Structured Web

From P2P Foundation
Jump to navigation Jump to search

Related to the Semantic Web

Material from Michael K. Bergman.

Definition

"The structured Web is object-level data within Internet documents and databases that can be extracted, converted from available forms, represented in standard ways, shared, re-purposed, combined, viewed, analyzed and qualified without respect to originating form or provenance.
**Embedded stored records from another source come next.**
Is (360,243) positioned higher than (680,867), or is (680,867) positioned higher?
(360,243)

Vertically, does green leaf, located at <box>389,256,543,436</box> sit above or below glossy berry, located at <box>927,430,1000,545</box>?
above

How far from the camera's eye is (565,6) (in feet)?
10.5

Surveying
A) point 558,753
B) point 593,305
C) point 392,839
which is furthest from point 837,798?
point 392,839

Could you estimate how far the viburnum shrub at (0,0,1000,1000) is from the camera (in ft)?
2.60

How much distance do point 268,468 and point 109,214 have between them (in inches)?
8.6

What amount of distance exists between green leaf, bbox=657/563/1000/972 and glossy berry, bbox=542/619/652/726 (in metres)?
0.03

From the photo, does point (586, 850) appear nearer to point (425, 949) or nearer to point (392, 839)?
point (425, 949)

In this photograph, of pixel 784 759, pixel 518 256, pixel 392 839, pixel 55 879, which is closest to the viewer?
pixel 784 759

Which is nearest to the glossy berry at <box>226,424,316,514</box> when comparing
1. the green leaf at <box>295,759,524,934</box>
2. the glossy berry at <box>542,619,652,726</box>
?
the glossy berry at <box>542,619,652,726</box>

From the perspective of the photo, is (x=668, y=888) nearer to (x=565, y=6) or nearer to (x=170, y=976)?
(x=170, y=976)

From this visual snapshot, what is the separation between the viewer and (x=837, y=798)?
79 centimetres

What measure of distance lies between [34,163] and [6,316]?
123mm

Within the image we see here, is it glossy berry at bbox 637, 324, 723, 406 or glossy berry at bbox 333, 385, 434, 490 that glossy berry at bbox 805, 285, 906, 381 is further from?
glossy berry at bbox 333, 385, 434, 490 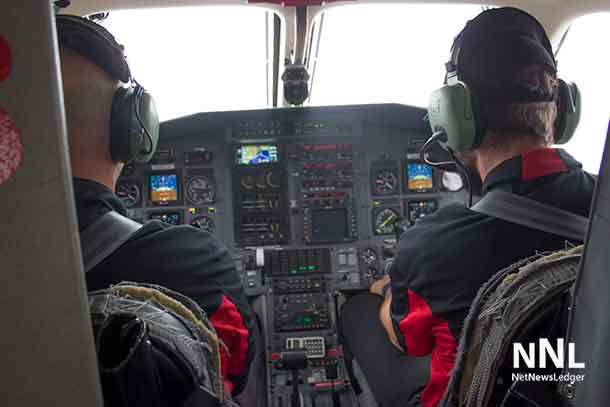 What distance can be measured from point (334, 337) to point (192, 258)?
6.86ft

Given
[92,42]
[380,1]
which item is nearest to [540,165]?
[92,42]

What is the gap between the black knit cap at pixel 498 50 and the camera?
4.49 feet

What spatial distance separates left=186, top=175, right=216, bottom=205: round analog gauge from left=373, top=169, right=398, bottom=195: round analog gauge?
3.41 feet

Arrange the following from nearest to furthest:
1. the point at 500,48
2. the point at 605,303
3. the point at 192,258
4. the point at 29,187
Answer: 1. the point at 29,187
2. the point at 605,303
3. the point at 192,258
4. the point at 500,48

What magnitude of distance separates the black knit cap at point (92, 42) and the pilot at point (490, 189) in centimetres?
88

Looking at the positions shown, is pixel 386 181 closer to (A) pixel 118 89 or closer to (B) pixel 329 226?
(B) pixel 329 226

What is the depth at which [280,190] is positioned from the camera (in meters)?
3.38

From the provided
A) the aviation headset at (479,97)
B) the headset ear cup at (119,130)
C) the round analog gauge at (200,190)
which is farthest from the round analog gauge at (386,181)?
the headset ear cup at (119,130)

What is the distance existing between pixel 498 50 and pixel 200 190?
2.29m

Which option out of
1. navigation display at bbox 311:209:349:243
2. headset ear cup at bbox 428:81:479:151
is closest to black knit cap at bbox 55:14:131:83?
headset ear cup at bbox 428:81:479:151

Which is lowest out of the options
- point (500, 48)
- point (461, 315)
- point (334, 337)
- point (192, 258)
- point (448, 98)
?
point (334, 337)

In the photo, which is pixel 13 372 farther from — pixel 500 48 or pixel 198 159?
pixel 198 159

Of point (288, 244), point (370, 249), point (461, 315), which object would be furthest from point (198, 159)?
point (461, 315)

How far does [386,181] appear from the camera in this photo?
11.3 feet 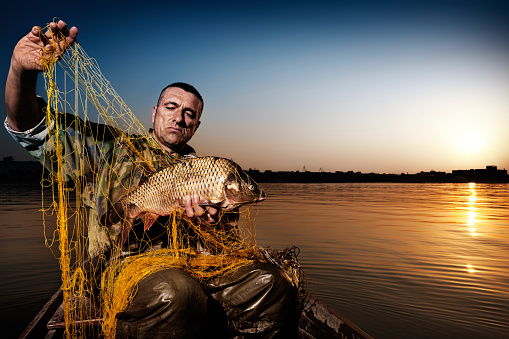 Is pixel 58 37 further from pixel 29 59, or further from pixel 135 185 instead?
pixel 135 185

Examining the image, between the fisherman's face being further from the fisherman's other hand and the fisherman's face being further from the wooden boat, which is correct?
the wooden boat

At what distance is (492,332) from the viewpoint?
5664 millimetres

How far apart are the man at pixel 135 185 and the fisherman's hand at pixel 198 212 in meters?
0.01

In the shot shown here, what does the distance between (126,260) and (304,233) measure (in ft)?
38.3

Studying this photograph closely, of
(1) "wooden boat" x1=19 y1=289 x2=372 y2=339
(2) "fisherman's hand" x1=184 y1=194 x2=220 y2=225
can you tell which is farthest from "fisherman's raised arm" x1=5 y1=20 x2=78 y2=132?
(1) "wooden boat" x1=19 y1=289 x2=372 y2=339

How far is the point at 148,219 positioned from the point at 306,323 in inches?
83.6

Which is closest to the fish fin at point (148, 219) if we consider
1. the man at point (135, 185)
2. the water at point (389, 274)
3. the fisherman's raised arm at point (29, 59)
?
the man at point (135, 185)

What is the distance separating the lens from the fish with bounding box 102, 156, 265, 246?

The structured Web is more in that it pertains to any data formalism in use on the Web and includes the notion of extracting structure from uncharacterized content, by far the largest repository of potentially useful information on the Web. Yet the structured Web is also less because its ambition is solely to get that data into an interoperable framework and to forgo the full objectives of the ‘Semantic Web.’ In that regard, my concept of the structured Web is perhaps closest to the idea of Linked Data, though with less insistence on “correct” RDF and with specific attention to structure extraction from uncharacterized content."= (http://www.mkbergman.com/?p=390)


Discussion

Michael Bergman:

"If nothing else, the reality of the past 15 years shows us that the Web is a “dirty,” chaotic place. If HTML coding can be screwed up, it will. If loopholes in standards and protocols exist, they will be exploited. If there is ambiguity, all interpretations become possible, with many passionately held. Innovation and unintended uses occur everywhere.

This should not be surprising, and experienced Web designers, scientists and technologists should all know this by now. There can be no disconnect between workable standards and approaches and actual use in the “wild.” Nuanced arguments over the subtleties of standards and approaches are bound to fail. Robustness, simplicity and forgiveness must take precedence over elegance and theoretical completeness.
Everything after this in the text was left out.